Tuesday, June 13, 2006

Why you should support Ghana...

Italy 2 - Ghana 0

Those of you who already obsessively consult whoshouldicheerfor.com like some kind of fair-trade delphic oracle before every game, as well you should, will be aware that last night saw the World Cup debut of WDM's Most Supportable Team 2006. And I don't mean the USA.

The Herald's Joan McAlpine dedicated her column yesterday to urging Scots to back the sub-Saharan players who have overcome so much to compete in Germany. I'd love to link to the article, but the Herald only put stories online for 48 hours, so I'll just give you this quote instead:

But there are also positive reasons for flying one of those African flags this month. Ghana, for example, has earned the break – which probably explains its place atop the WDM rankings. It has established itself as a beacon of democracy in the continent since 1992.

Its human-rights record has been transformed and it plays a leading role in the African Union, providing peace-keepers for more troubled regions. Determined to root out corruption, it has allowed a "peer review", whereby other African countries scrutinise its governmental institutions and suggest improvements.

It implements nine years of compulsory free education to all children, despite almost half its population existing on less than a dollar a day.

When Ghana plays the US, it will be taking on a country whose average income per head is 25% higher than its own. Who wouldn't wish them well?

I couldn't agree more. Except that the average Ghanaian actually earns just one sixteenth what the average American makes.

...and why I'm not.

Despite all this, I've broken ranks and, as with many Scotland-free tournaments before, backed my (other) ancestral homeland, Italy. It's a matter of some amusement to those that know me that I demonstrate loyalty to a country I've never visited and which is, let's face it, a bit dodgy (27th most supportable nation out of 30, let's not forget). This does get on my nerves, but I'm lucky - if my great-granddad had been called, say, Asamoah Gyan rather than Giovanni Francisco Bertolini, I would still be visibly black - and I'd be more likely to face doubts about my Scottishness than my Ghanaianness.

The excitement in the build-up to this World Cup was marred a little by media reports that non-white fans were being advised by both neo-nazis and anti-fascists to stay away from some towns, particularly in the Brandenburg area near Berlin. They "might not come out alive," warned one German anti-racist activist. Sadly, his fears were shared by well-meaning friends of mine in Berlin and Potsdam.

Government policies and posturing that treat immigration as a social problem to be cured, and migrants and asylum seekers as the perpetrators, little better than criminals, has done little to help combat this xenophobia.

I might have difficulty persuading acquaintances of my Latin credentials today, but not so long ago Scottish Italians faced just the kind of xenophobia and persecution faced by some immigrant communities today. When Mussolini joined the war in 1940, my great-granddad was interned without trial in a British prison - an enemy citizen, he was not to be trusted on the streets of Alloa.
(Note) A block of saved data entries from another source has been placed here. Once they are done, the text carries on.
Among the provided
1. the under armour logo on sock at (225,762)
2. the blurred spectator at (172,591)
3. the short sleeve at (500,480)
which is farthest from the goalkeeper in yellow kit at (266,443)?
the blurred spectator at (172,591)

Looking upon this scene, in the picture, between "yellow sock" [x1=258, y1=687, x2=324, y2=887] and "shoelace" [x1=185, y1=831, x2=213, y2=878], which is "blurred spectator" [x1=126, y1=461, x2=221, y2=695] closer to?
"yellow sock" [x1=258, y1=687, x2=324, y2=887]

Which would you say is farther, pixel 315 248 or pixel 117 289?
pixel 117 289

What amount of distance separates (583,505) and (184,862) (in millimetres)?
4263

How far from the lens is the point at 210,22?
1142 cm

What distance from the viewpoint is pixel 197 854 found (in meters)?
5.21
His son, on the other hand, was evidently good enough to be shot by a sniper while serving King and country in the Argyll & Sutherland Highlanders at the battle of Singapore.

Italians struggled to find work, and 'Help wanted - no Italians' signs were not uncommon in shop windows across west and central Scotland. Racist rioting broke out, notably around Edinburgh's Leith Walk, where the Valvona and Crolla delicatessen still sports the hardboard hoarding put up to protect it from the spate of window-smashing, arson and violence that was visited on the Italian community by 'patriotic' Scots.
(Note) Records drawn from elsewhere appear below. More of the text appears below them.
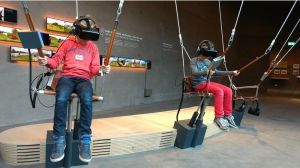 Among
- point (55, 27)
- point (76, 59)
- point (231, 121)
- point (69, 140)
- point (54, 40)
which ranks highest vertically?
point (55, 27)

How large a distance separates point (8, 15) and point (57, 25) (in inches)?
38.3

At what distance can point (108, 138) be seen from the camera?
321 centimetres

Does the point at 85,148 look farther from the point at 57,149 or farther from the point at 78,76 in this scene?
the point at 78,76

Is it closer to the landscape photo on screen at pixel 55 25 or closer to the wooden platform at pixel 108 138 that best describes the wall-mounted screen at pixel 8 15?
the landscape photo on screen at pixel 55 25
In my grandmother's school, girls were called by their christian names and never belted for misbehaviour. As a 'Tally', though, she was addressed as 'Bertolini', and enjoyed no such amnesty of the tawse.

Giovanni Francisco, or Gaga, did everything he could to help his family negotiate anti-Italian Scotland, even refusing to teach them Italian - he saw what trouble speaking a foreign language could lead to. That's why I can't speak Italian.

My family came to Scotland as economic migrants. That convenient group of immigrants that it's okay to hate - they're just coming over here to steal our jobs. As far as I can tell, the only reason why this has not been used as an excuse by some 'reasonable person', who is only thinking of Scotland's welfare, to invite me to get on the first spaghetti boat back to Livorno, is because I have the good fortune to be white.

So don't fall for the spin - the immigration detention centres, the quotas, the dawn raids, are not about whether someone is an 'economic migrant', or an asylum seeker 'genuine' or 'bogus' - they are about racism, and government pandering to gutter-press xenophobia. And if you still believe we should send them home, fine - but you have to kick me out first.